«Una corte nazionale non giudichi uno Stato»

«Una corte nazionale non giudichi uno Stato»

La sfida, in punta di diritto che si è svolta all’Aja tra Italia (spalleggiata dalla Grecia) e Germania resterà come pietra miliare nella giurisprudenza internazionale. La sentenza appena emessa dalla Corte internazionale infatti non dà solo torto a un Paese, l’Italia, e ragione a un altro, la Germania, ma stabilisce un principio giuridico ben preciso.

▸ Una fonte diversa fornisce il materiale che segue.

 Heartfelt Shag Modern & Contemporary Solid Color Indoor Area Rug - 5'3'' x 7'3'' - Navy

In soldoni. Esistono dei diritti universali dell’uomo la cui violazione si configura come un crimine. Su questo la Corte non ha nulla da eccepire. Però esiste anche quella che viene definita «immunità costituzionale» e che stabilisce quali temi possono essere regolati dal diritto interno ai singoli Stati e quali sono di competenza del diritto internazionale. In generale questo principio dell’immunità sancisce che un tribunale nazionale non abbia giurisdizione per giudicare un altro Stato. La questione infatti tocca il tema, sempre difficile da gestire, della sovranità. Dovendo mediare tra le due istanze il tribunale dell’Aja ha optato per un’interpretazione estensiva dell’immunità. La cassazione italiana invece aveva, con sentenza del 21 ottobre 2008, riconosciuto la Germania responsabile per essere stata il «mandante» dei militari nazisti che - il 29 giugno del 1944 - uccisero 203 abitanti di Civitella, Cornia e San Pancrazio, sparando un colpo alla nuca di donne, bambini, uomini e vecchi. Stabilendo che per crimini di questo tipo l’immunità avesse un valore «limitato».

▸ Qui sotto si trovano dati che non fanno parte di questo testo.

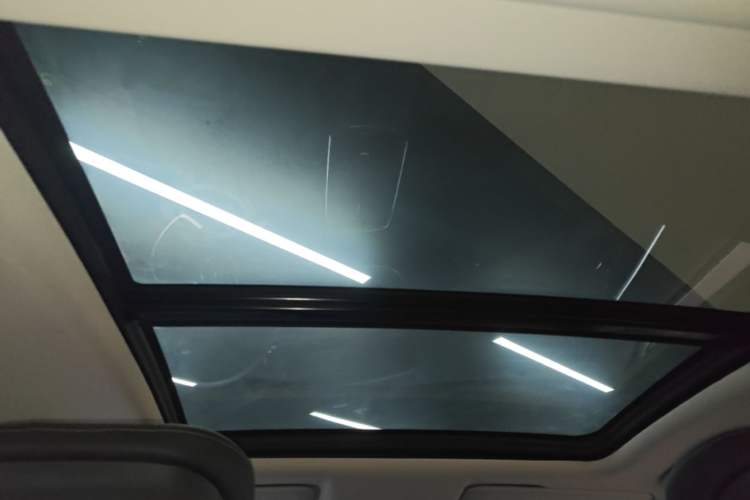 Used Buick LaCrosse 2023 28T Prestige Edition Headliner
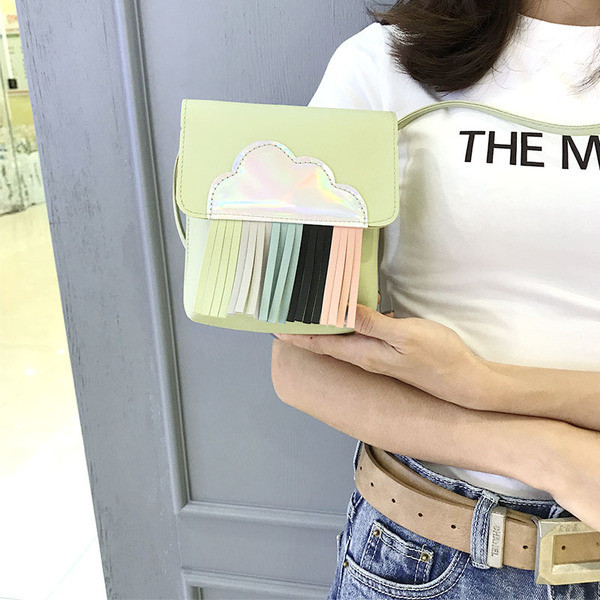 Kis kézitáska rojtokkal több színben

Insomma considerando nulle le sentenze italiane il tribunale dell’Onu ha preferito tutelare più il concetto di sovranità, e il valore dei precedenti accordi bilaterali del 2 giugno 1961, rispetto al diritto di ricorso dei parenti delle vittime. La corte ha sostanzialmente ordinato all’Italia, come richiesto da Berlino, di «prendere tutte le misure necessarie affinché le decisioni della giustizia italiana che contravvengono alla sua immunità siano prive di effetto e che i suoi tribunali non pronunzino più sentenze su simili casi». Per usare le parole di uno degli avvocati italiani Roberto Alboni: «Ha prevalso la realpolitik sui diritti dell’uomo, così si chiude la possibilità di ricorsi individuali. Privilegiando l’immunità». Il suo giudizio, che potrebbe essere condiviso anche da altri giuristi, è amaro. Dice al Giornale: «Il rispetto dei diritti dell’uomo così è andato indietro di cento anni... ».
La corte però ha contestato la legittimità dei procedimenti, non il principio: il disposto, infatti, invita Italia e Germania a trovare un accordo su un indennizzo che non sia soltanto simbolico. Né interviene sul merito delle sentenze italiane relativamente alle responsabilità tedesche per gli eccidi. Insomma i tribunali italiani non erano legittimanti a procedere contro la Germania, ma nessuno dice che la loro ricostruzione di fatti e responsabilità sia errata.

Ecco, allora si può almeno sperare che per via diplomatica si riesca ad ottenere quello che non si può ottenere in aula. Però bisogna essere capaci di spingere un po’ se no si torna ai tempi in cui Italia era solo un’espressione geografica...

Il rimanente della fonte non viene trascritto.